After ten-plus years in the business, the Beatnuts offer us their latest release, Milk Me. I recently had the chance to talk with both JuJu and Psycho Les: about the album, getting older, and that funky Beatnuts sound.

Soundslam: You guys have been around for a long time, I’m just wondering what have you guys learned in all that time in music? Not even just how music works, but in terms of touring around the world and just growing and getting older.

Psycho Les: We learned a lot. We learned a whole lot of different music period. We learned a lot about the business too, what’s wrong with this shit. The traveling, just listening to all kinds of different hip hop all around the world, shit is different out there. I think on this new album we give everybody a taste of everything. We got shit for overseas, shit for NY, and a little bit for everybody. We’ve just been around.

Soundslam: Talking about different sounds for different people, what’s it been like for each album keeping your Beatnuts fans and still kind of changing and exploring new things on records and drawing new people in, but at the same time keeping your original fan base?

Les: We think about that sometimes. It could affect us in a bad way, but sometimes you gotta do it. We’re still gonna try to do it in a funky way that everybody could accept it.

Soundslam: How have you seen your own sound change or be perfected over the last ten years? What are you drawing on for inspiration to keep going and keep making music?

Les: I don’t listen to the radio at all. I don’t know what’s going on. I don’t watch videos. Really what keeps me going is digging. I stay out there digging and just digging for new sounds and new shit on different, foreign records. That’s what keeps me going.

Soundslam: What kind of things do you get into, what things do you listen to on the side?

Les: I listen to old school shit, R &B, old school disco, little hip hop here and there definitely.

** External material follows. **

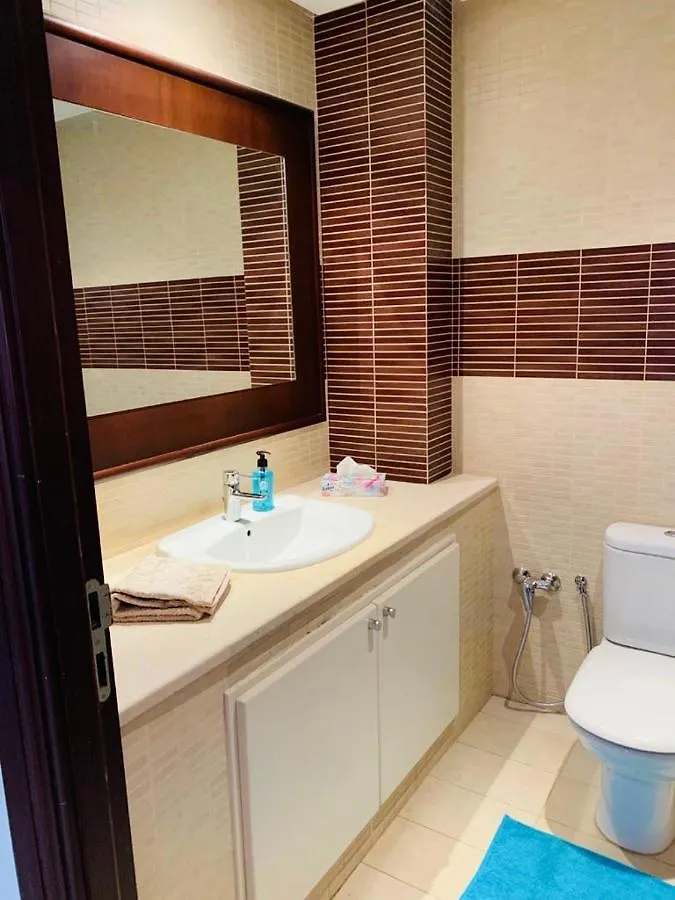 The Perfect Flat, Lac 2, Tunis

Soundslam: What did it take for you guys to achieve such a high level in music? What can you pass on to younger people now that are trying to get in a make a name for themselves as you guys obviously have?

Les: We love this shit, man. Even if we weren’t getting paid we would do this shit. I started off as a deejay, deejaying, collecting records and digging, and chopping beats up. Once the sampling game came I was already kind of straight, I had records. We just love this shit and that’s what sticks out when you hear our records, it’s just funky. It’s that Beatnuts sound that nobody could bring you.

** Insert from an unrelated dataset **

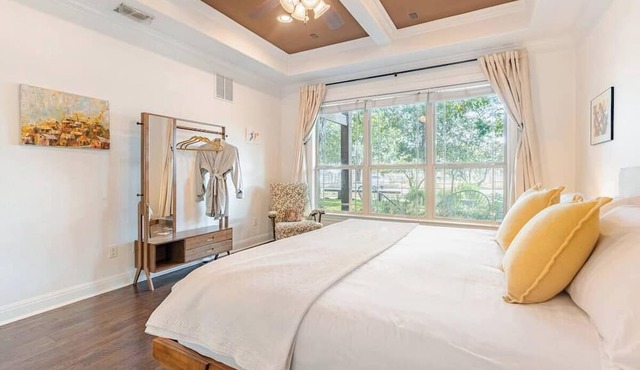 East ATX Luxury Home + Saltwater Pool + Near Downtown + on Lady Bird Lake Trail in Austin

Soundslam: What can we expect from ‘Milk Me’?

Les: ‘Milk Me,’ it’s some more funky music. It’s not the best of the Beatnuts. It’s just another stage, another album. It’s more funky beats for the beat heads. We got a lot of special guests on there just killing the lyrics. We’re just trying to put out some new music, something to refresh the ear out there.

Soundslam: Why did you guys choose the title ‘Milk Me’?

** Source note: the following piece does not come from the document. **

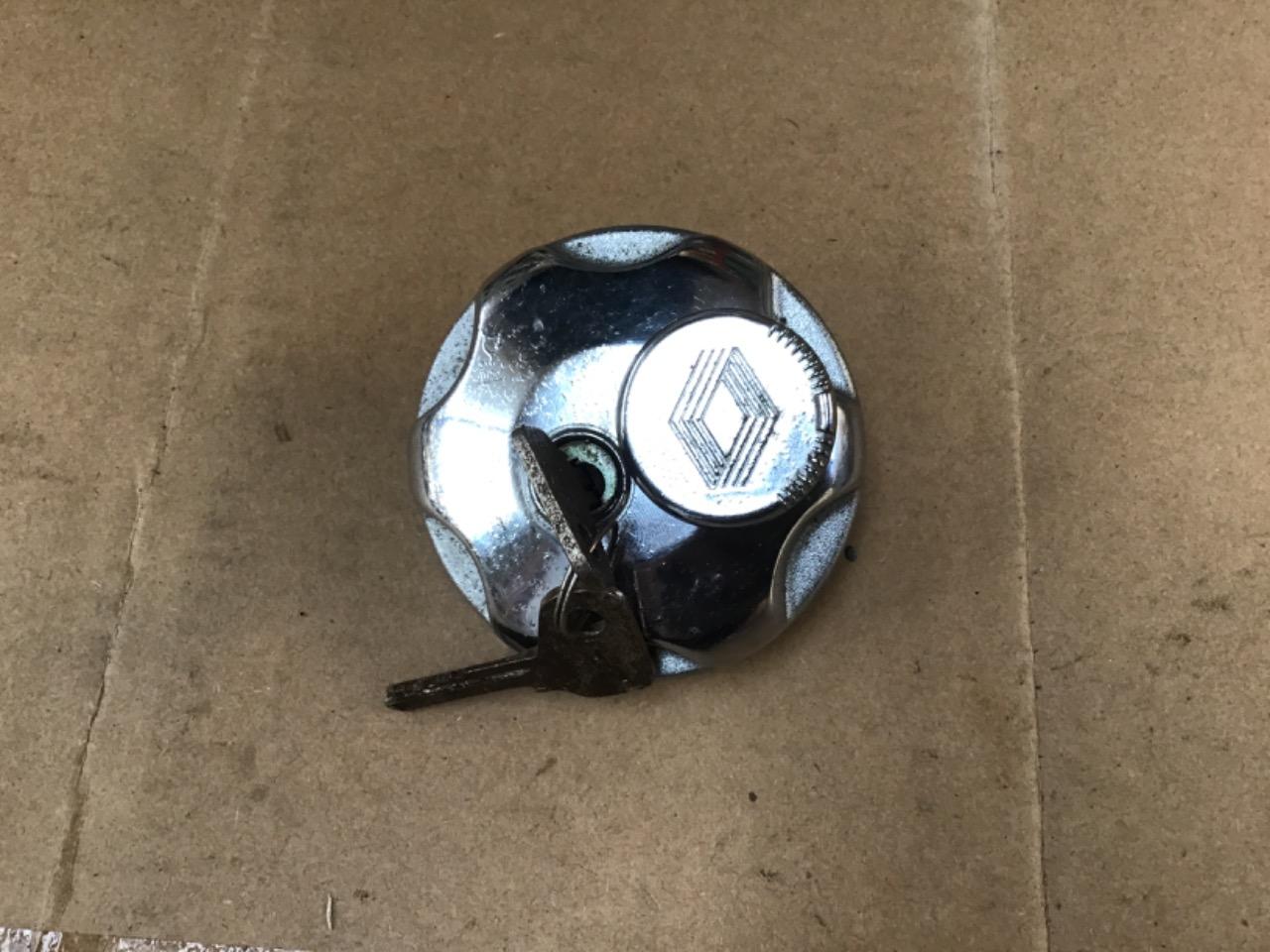 BOUCHON RÉSERVOIR CHROMÉ RENAULT 18 (R18) R20 LesAnciennes.com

Les: At the time we were overseas and it some in-door joke. We were in the hotel room and there was a porn rocking in the background. I wasn’t even watching it at the time but I heard the homeboy, he was like, ‘milk me, milk me.’ So I turned to the TV and he was getting head and that shit was mad funny to me. The guy had a fucking British accent, ‘milk me.’ At the time we was doing the album and that shit just…we were like, ‘fuck it man. That shit could go in a lot of different ways.’

Soundslam: Definitely, it’s got a lot of meanings…What was the mood like making it?

Les: Like any other album, we just go in there, we vibe out, we listen to tracks. We pick joints and we just start rocking, getting ideas, throwing ideas together. We definitely got the drinks rocking, shorties coming through, we got the smoke in the air. We just have a good time with it. This time around we try to do shit that’s for crowds. We spend a lot of time on stage rocking crowds and everything, so definitely our music was towards that type of shit.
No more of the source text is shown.